[Problem to solve] All of the data that follows is to be printed exactly, without pictures.

[Information supplied]
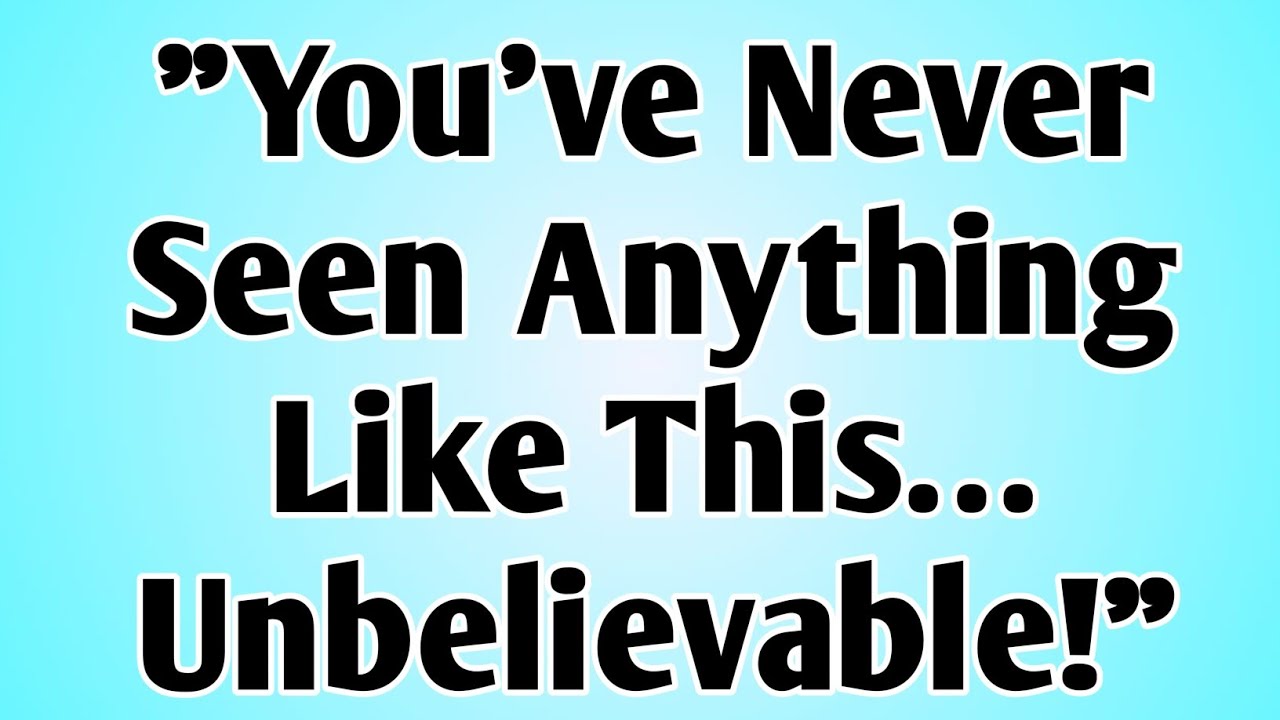 👉 Today new massage"You’ve Never Seen Anything Like This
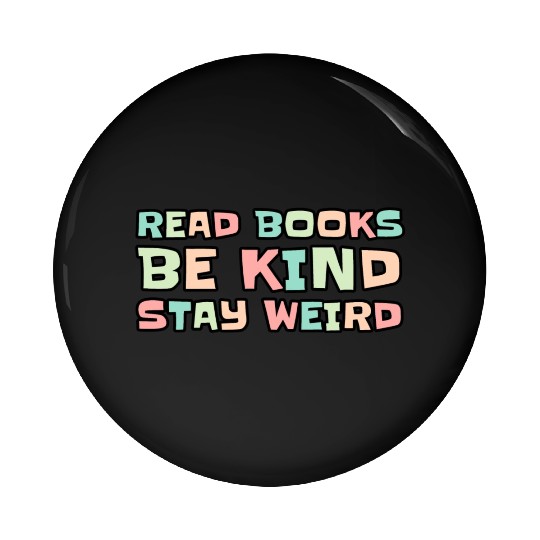 Read Books Be Kind Stay Weird Pin Buttons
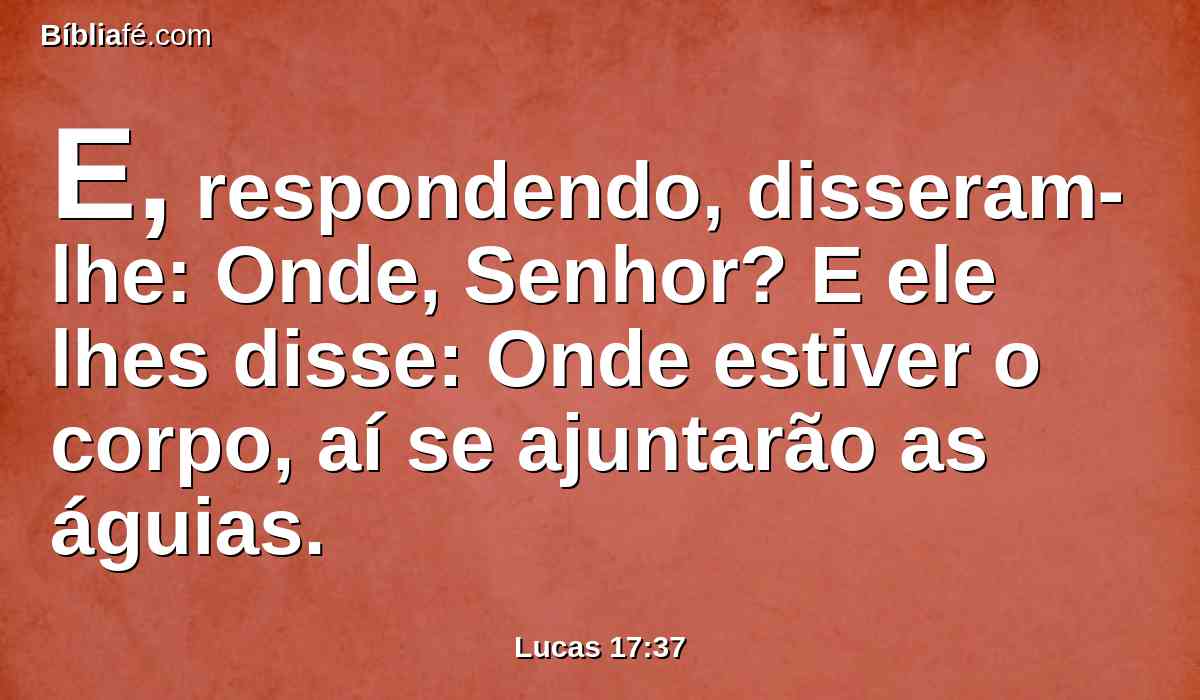 E, respondendo, disseram-lhe: Onde, Senhor? E ele lhes disse: Onde estiver o corpo, aí se ajuntarão as águias.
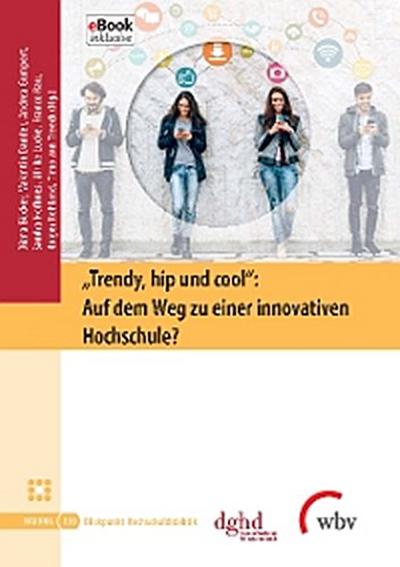 "Trendy, hip und cool": Auf dem Weg zu einer innovativen Hochschule?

[Result of the exercise]
 👉 Today new massage"You’ve Never Seen Anything Like This
 Read Books Be Kind Stay Weird Pin Buttons
 E, respondendo, disseram-lhe: Onde, Senhor? E ele lhes disse: Onde estiver o corpo, aí se ajuntarão as águias.
 "Trendy, hip und cool": Auf dem Weg zu einer innovativen Hochschule?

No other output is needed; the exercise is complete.